Wrong-Site Surgery Update

There were eight event reports of wrong-site surgery in Pennsylvania operating rooms (ORs) during the third quarter of 2014 and two reports belatedly confirmed from a prior quarter (see the Figure). The eight reports matched those of the second-lowest quarter ever and were the lowest number of reports for the beginning of an academic year (July through September).

Figure. Pennsylvania Patient Safety Authority Wrong-Site Surgery Reports by Academic Year

Six of the reports involved injections: one unwanted preoperative regional block, one preoperative regional block done on the wrong side and attributed to the lack of an “all stop” time-out, two wrong-side pain injections, and two preliminary local blocks by the surgeons prior to any time-outs, as noted below:

Surgeon preinjected the right ear instead of the left ear per consent. He realized his mistake as he was preparing to drape the patient.

Prior to [the surgeon] coming into the room, the patient’s left foot was put up on a prep pillow and wrapped with Webril™. This was the nonoperative side. When the surgeon came into room, he proceeded to inject that foot. He injected 1 mL. [Then, he] stopped and questioned which side we were working on, and the nurse said the right. . . . The right foot was then prepared for injection, and the procedure was completed as scheduled.

Two reports were of surgery on the wrong finger. One was related to accepting nonspecific information on the consent and from the patient:

Patient’s surgical consent read “trigger finger release right.” When the circulator asked the patient what he was having done, the patient replied, “I’m having one of my right trigger fingers released. I need them all done.” While the patient was making the previous statement, he was pointing to the mark identified by both the patient and the surgeon in the holding area, which was located below his right third finger. Documentation reflected patient’s initial complaint in the surgeon’s office was of his right trigger thumb.

Numerous near-miss reports continue to demonstrate persistent areas of risk and the effectiveness of practices that prevent wrong-site surgery.1,2

This past quarter, more than a dozen procedures were scheduled incorrectly, with potential downstream ramifications:

Patient in holding area; wrong side on consent for surgery and OR schedule. Left side was indicated on consent as well as on the OR schedule, when it is the right side that needs the surgery. Discussed with family (patient is demented), who did not know which side. It was found by reading the HP [history and physical], which indicated it was the right foot that was injured. . . . The old consent was discarded and a new consent obtained.

The [scheduling] error was not discovered until the patient entered the OR, where the RN picked up on the discrepancy. . . . Although the pre-op holding RN did check the schedule, he did not notice the scheduling discrepancy.

More than 30% of the incorrectly scheduled cases documented the surgeon’s office as the source of error:

The case information was forwarded to the chair[person], who discussed it with [the surgeon] because this was the third case this year from that office that a procedure site was scheduled incorrectly.

The office scheduling sheet was pulled and clearly states left. . . . The patient was marked for the correct side that corresponded with the consent, the right [side].

Monitoring the accuracy of information from surgeons’ offices is important because 11% of all wrong-site operations can be traced back to incorrect information from surgeons’ offices.3,4

Fortunately, providers receiving patient information check for discrepancies and identify them as soon as discovered for reconciliation by the surgeon, based on primary sources of information:

Schedule did not have full procedure listed. Called to PAT [preadmission testing] department to have schedule corrected prior to the day of surgery.

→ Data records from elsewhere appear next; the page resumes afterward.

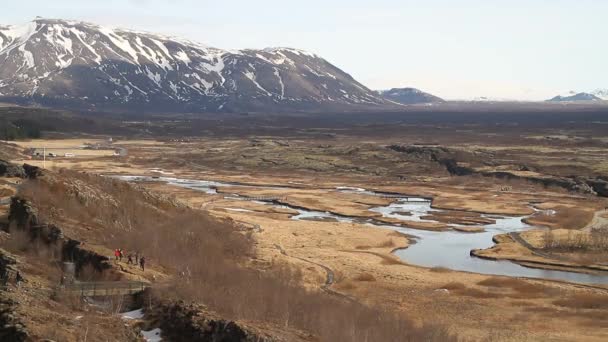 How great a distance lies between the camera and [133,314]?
29.7 meters

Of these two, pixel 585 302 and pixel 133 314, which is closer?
pixel 133 314

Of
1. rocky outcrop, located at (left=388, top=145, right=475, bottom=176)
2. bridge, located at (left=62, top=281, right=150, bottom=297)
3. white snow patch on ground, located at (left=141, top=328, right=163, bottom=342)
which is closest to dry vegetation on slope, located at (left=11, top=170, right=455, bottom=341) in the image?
bridge, located at (left=62, top=281, right=150, bottom=297)

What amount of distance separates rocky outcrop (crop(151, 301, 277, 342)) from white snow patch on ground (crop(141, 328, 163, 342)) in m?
0.19

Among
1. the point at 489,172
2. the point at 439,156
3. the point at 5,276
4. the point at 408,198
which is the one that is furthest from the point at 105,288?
the point at 439,156

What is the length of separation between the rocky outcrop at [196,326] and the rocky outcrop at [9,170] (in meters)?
40.9

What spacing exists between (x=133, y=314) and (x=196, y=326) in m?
4.33

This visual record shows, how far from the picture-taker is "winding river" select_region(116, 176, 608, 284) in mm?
58656

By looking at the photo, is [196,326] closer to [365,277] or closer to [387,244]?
[365,277]

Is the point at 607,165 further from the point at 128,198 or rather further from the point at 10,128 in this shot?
the point at 10,128

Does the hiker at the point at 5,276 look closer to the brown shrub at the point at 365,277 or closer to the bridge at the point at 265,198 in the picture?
the brown shrub at the point at 365,277

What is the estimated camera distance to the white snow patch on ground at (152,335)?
26609 mm

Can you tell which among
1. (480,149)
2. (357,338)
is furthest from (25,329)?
(480,149)

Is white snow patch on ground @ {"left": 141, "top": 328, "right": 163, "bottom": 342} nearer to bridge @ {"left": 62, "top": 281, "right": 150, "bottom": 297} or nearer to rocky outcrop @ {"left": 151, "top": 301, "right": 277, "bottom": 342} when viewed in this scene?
rocky outcrop @ {"left": 151, "top": 301, "right": 277, "bottom": 342}

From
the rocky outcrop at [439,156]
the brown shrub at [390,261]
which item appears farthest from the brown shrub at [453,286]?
the rocky outcrop at [439,156] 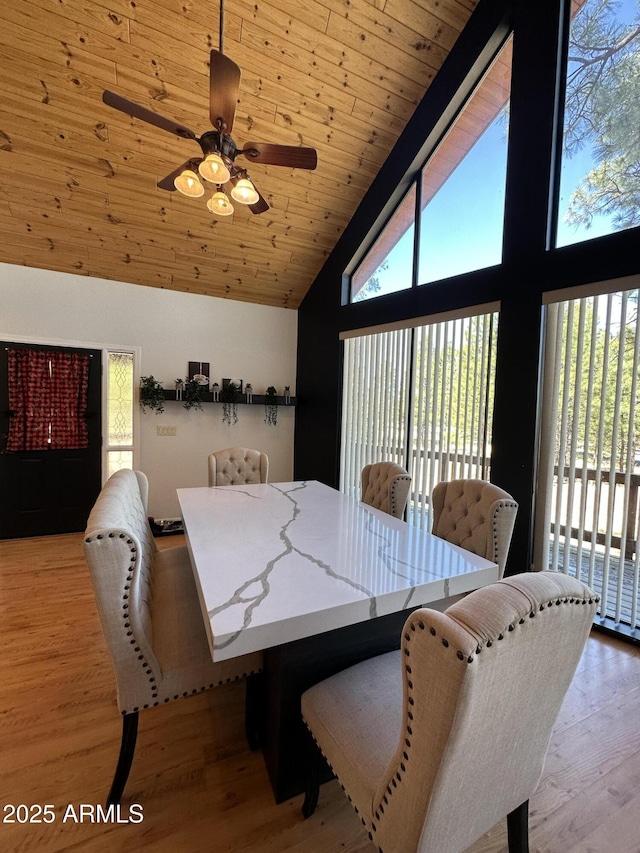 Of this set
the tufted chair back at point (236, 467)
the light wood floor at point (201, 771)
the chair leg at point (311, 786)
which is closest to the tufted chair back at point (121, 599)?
the light wood floor at point (201, 771)

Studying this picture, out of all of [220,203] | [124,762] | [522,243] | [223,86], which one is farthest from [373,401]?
[124,762]

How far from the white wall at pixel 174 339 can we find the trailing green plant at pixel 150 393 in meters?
0.12

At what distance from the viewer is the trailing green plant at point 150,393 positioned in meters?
4.23

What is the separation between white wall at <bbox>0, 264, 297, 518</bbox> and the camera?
3.83 m

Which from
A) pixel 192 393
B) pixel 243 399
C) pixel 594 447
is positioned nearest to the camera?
pixel 594 447

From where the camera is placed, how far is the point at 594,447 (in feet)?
7.77

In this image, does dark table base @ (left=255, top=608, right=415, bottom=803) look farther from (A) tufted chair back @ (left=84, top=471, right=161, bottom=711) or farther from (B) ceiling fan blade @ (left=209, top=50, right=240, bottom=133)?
(B) ceiling fan blade @ (left=209, top=50, right=240, bottom=133)

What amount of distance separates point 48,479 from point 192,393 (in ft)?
5.59

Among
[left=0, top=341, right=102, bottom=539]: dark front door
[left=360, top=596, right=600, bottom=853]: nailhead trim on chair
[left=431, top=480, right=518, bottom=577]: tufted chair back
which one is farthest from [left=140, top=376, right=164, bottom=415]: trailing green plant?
[left=360, top=596, right=600, bottom=853]: nailhead trim on chair

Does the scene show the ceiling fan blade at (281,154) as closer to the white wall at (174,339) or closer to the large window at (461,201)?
the large window at (461,201)

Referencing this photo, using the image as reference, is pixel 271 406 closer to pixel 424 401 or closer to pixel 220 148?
pixel 424 401

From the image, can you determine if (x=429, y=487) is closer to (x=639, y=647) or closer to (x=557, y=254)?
(x=639, y=647)

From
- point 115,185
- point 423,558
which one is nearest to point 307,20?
point 115,185

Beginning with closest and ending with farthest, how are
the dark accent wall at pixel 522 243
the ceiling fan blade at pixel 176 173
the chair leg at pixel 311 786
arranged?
1. the chair leg at pixel 311 786
2. the ceiling fan blade at pixel 176 173
3. the dark accent wall at pixel 522 243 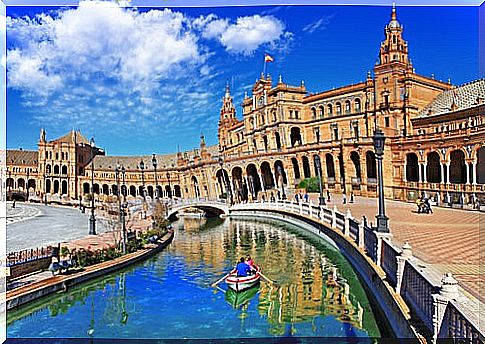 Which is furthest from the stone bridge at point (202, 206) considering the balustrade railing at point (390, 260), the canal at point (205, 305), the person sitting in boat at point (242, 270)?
the balustrade railing at point (390, 260)

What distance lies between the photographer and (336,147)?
26.9m

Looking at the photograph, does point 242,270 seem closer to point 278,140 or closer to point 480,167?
point 480,167

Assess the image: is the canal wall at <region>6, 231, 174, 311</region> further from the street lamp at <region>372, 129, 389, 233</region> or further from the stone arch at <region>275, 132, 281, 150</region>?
the stone arch at <region>275, 132, 281, 150</region>

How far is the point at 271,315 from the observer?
25.9 ft

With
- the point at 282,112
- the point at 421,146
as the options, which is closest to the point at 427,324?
the point at 421,146

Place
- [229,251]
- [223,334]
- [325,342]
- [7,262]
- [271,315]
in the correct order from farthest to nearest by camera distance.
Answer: [229,251], [7,262], [271,315], [223,334], [325,342]

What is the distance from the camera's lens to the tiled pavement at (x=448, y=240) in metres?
6.14

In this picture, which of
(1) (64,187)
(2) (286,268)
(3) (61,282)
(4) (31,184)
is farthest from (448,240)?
(4) (31,184)

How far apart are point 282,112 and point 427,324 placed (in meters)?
31.3

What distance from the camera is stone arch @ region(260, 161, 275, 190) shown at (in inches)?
1332

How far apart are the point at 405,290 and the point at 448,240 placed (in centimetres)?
440

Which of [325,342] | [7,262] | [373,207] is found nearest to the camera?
[325,342]

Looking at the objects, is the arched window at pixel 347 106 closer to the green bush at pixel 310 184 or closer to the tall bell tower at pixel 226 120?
the green bush at pixel 310 184

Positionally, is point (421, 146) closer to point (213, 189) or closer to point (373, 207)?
point (373, 207) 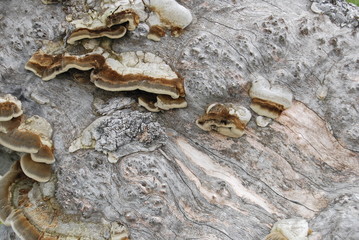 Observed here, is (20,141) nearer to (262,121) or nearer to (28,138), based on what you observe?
(28,138)

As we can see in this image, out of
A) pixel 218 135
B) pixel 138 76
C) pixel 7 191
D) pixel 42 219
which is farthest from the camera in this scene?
pixel 7 191

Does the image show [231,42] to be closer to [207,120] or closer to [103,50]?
[207,120]

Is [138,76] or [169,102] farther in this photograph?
[169,102]

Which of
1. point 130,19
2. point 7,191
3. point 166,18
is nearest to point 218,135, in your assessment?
point 166,18

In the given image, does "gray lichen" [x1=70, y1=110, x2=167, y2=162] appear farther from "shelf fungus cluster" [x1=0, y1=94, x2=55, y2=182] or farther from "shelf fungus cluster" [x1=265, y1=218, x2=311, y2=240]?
"shelf fungus cluster" [x1=265, y1=218, x2=311, y2=240]

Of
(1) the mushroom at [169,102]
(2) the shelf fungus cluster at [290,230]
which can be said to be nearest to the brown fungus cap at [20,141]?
(1) the mushroom at [169,102]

At least 10 consents were incomplete or inaccurate, some to an extent suggesting that the informed consents were not obtained by the surgeons:

Surgical consent did not list any procedure to be performed. Patient already given sedating medicines.

When verifying the procedure with the patient, the patient reported that he was having an appendectomy. The consent indicated “laparoscopic, possible open, cholecystectomy.”

Preregistration came from office clearly stating “carpal tunnel release.” Registration entered “Colonoscopy.” . . . Consent stated the incorrect procedure.

Surgeons are not always doing a proper preoperative verification of the documents, with confirmation by the patient:

[Surgeon] entered the room while the patient was being fitted for a TLSO [thoracolumbar sacral orthosis] brace. The [surgeon] did not identify the patient and proceeded to dilate the incorrect patient’s eye [preoperatively].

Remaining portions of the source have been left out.